→ TASK TO COMPLETE:
Write back, word for word, the lines from the one containing "Hologram background neon" to the end of the listing below. Include nothing else, and no pictures.

→ STORED DATA:

== == ==

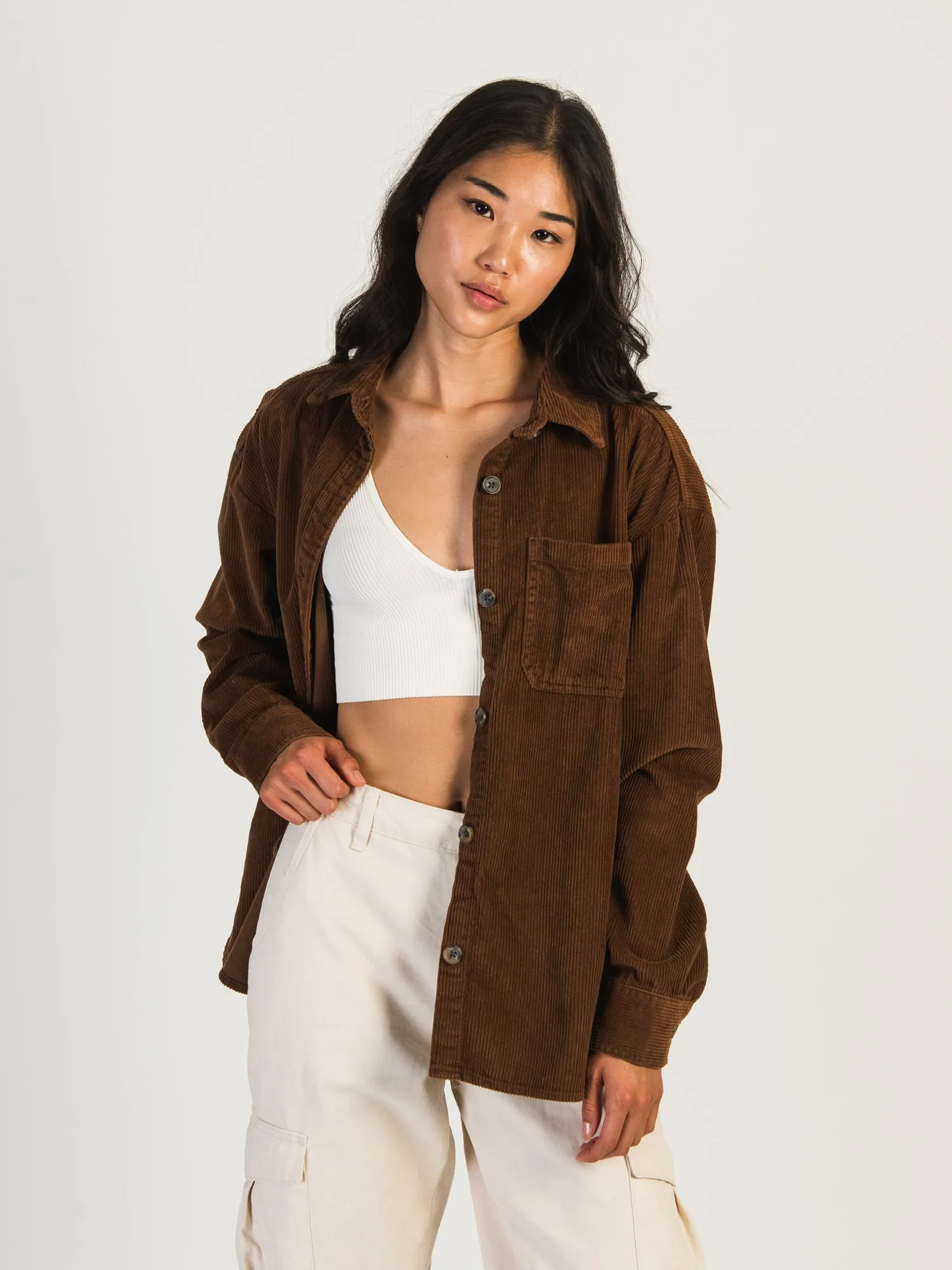 HARLOW CHRISSY CORD SHIRT - COGNAC
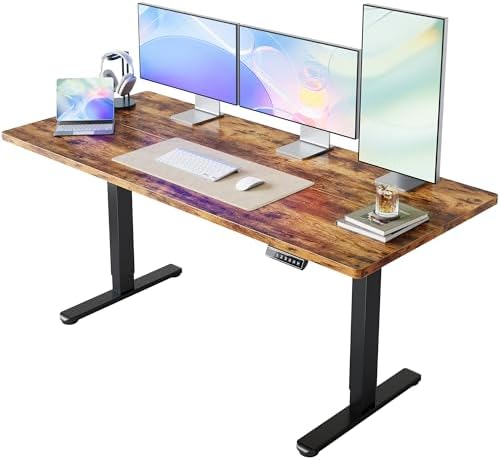 HUANUO 71x30 Inch Electric Standing Desk, Height Adjustable, Rustic Brown by HUANUO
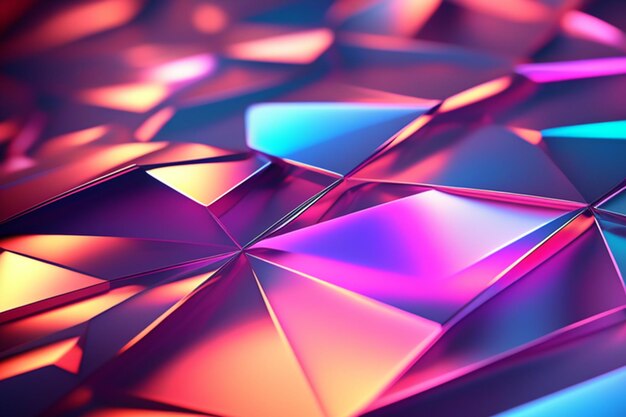 Hologram background neon disco confetti holographic 3D crystal texture background faceted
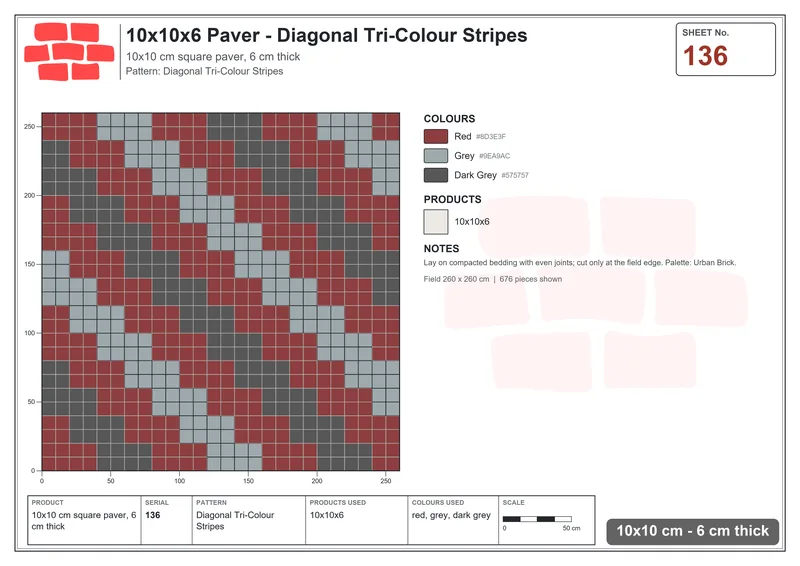 Interlock (Pasco) 10x10 cm · SQ11-136 · Diagonal Tri-Colour Stripes · Laying plan Interlock (Pasco) 10x10 cm · SQ11-136 · Diagonal Tri-Colour Stripes · Laying plan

== == ==

→ COMPLETED EXERCISE:
 Hologram background neon disco confetti holographic 3D crystal texture background faceted
 Interlock (Pasco) 10x10 cm · SQ11-136 · Diagonal Tri-Colour Stripes · Laying plan Interlock (Pasco) 10x10 cm · SQ11-136 · Diagonal Tri-Colour Stripes · Laying plan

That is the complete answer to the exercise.